No significant between-group differences in quality of life were noted, but patients in the letrozole group had a higher rate of bone-related adverse effects (i.e., bone pain, bone fractures, and new-onset osteoporosis). Overall, 5.4% of patients in the letrozole group and 3.7% in the placebo group discontinued treatment because of toxic effects of the study drug.

The authors noted that their data on adherence may have limited validity because they relied on patient-self report. However, they concluded that based on their results, adjuvant therapy with an aromatase inhibitor for 5 years after initial treatment is “safe and beneficial” for postmenopausal patients with hormone-receptor-positive early-stage breast cancer. The authors wrote that although hazard ratios for disease progression and contralateral disease were similar with different durations of exposure to tamoxifen and they observed no interaction effects between the study regimen and previous tamoxifen exposure, “it is likely that the benefits of treatment, toxic effects, and quality of life differ among these groups.”

They concluded that the decision about prolonged therapy should be based “largely on the extent of its effect on [the patient] in terms of toxic effects and quality of life, the extent to which bone mineral density is maintained, as indicated by sequential scans, and the patient's individual risk of disease recurrence.”

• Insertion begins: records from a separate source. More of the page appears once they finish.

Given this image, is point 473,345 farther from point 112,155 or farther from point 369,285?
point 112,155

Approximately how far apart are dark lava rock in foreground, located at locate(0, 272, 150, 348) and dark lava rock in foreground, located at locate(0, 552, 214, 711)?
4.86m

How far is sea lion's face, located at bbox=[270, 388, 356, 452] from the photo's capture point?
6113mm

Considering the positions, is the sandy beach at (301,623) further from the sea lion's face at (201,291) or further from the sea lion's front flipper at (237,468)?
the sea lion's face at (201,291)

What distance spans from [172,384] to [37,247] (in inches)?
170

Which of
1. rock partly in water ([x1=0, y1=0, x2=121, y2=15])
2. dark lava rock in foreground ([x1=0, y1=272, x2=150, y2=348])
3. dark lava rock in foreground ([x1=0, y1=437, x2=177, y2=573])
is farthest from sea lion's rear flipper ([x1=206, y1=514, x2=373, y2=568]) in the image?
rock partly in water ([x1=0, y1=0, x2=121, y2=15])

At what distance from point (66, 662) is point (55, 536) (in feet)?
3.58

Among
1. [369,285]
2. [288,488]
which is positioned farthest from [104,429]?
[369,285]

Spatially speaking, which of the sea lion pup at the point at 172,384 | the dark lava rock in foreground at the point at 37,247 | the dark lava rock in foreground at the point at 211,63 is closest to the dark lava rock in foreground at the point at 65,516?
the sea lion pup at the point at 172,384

The authors of an accompanying editorial wrote, “The reduction in contralateral breast cancers and the favorable safety profile seen with letrozole … provide support for the use of aromatase inhibitors for chemoprevention in clinical practice.” They noted that the lack of effect of extended therapy on survival is to be expected because most of the patients in the study were randomly assigned to treatment about 10 years after their initial diagnosis and were past the peak recurrence risk.

“In any event, avoiding a new diagnosis of invasive breast cancer is a benefit in itself,” the editorialists wrote. They noted, however, that clinicians and breast cancer patients should consider the absence of a survival effect as they weigh the risks and benefits of long-term adjuvant therapy.